Prior to the competition, Robert Koller, YCOE's special education coordinator, said some of the incarcerated students had been coming to the Yuba County Career Preparatory Charter School to learn welding and gain certification. So far this program has fully certified 10 student welders.

"The CTE program has really gone above and beyond to support these students," said Koller. "Each welding student is even given their own brand new mask, which is a big deal for prospective welders."

YCOE Superintendent Francisco Reveles felt some of the students' success in the Design Build Competition has come from their work in the welding program. During the two-day event, a large fight was reported to have broken out among some of the other schools close to where McAllister and his team were working. But McAllister said he was proud to see his group remain calm and continue working without getting sucked into the drama.

"It's a psychological construct," explained Reveles. "One of the words we have for it is 'operational hope,' which means its hope by doing.
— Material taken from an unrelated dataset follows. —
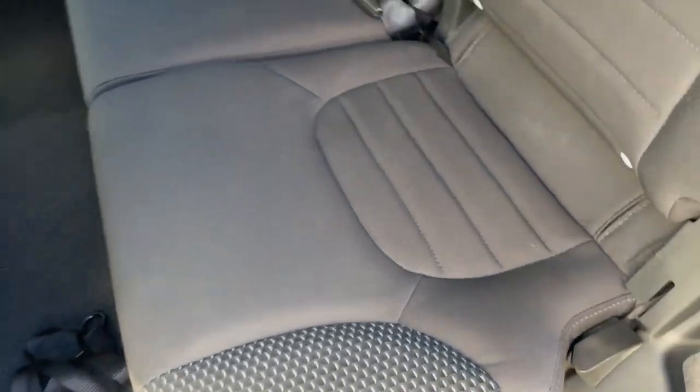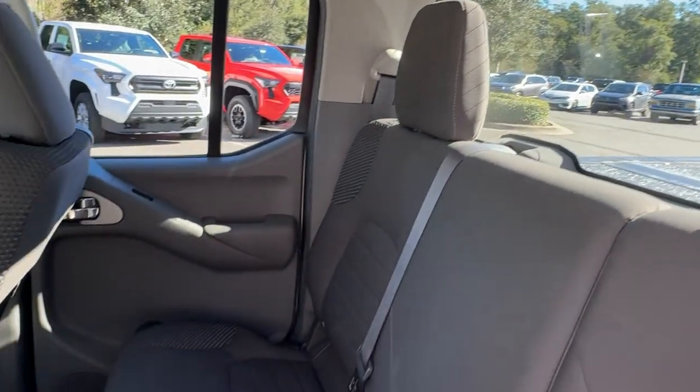Don't let this affordable Frontier slip away. Our team will give you an outstanding test drive experience. Stop in today.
Now that they've had a chance to practice new behaviors, and once they learn what it's like to be in construction, to be responsible, and to have a plan, it's very hard for them to go back."

Koller and McAllister were encouraged to see these "at-promise" teens exercising their new skills in teamwork, reliability, and resilience. The term "at promise" is the new designation for "at-risk youth" in California's penal and education codes. At promise is intended to mitigate the negative connotations associated with "at risk" and encourage a positive mindset within that demographic.

Reveles thinks Camp Singer's participation in the Design Build Competition, and the CTE program, are prime examples of the collaborations taking place between juvenile services, YCOE, Yuba County Career Preparatory Charter School, and Carden School.

"This is part of our overall plan at the YCOE, to reach out to all our students, which includes incarcerated youth and those living in riskier conditions," added Reveles.

For Koller and McAllister, the best part of the competition was hearing feedback from students who said it was an experience they'd remember for the rest of their lives.

"The competition was filled with blood, sweat and tears, but I was extremely proud of their accomplishment," said McAllister. "They went above and beyond the expectations, and it was really enjoyable."

"They rose to the challenge, presented themselves, and were professional," added Koller. "I was completely impressed."

The completed greenhouse is now set to be sold, and the proceeds will be used to buy more tools and supplies for next year's program.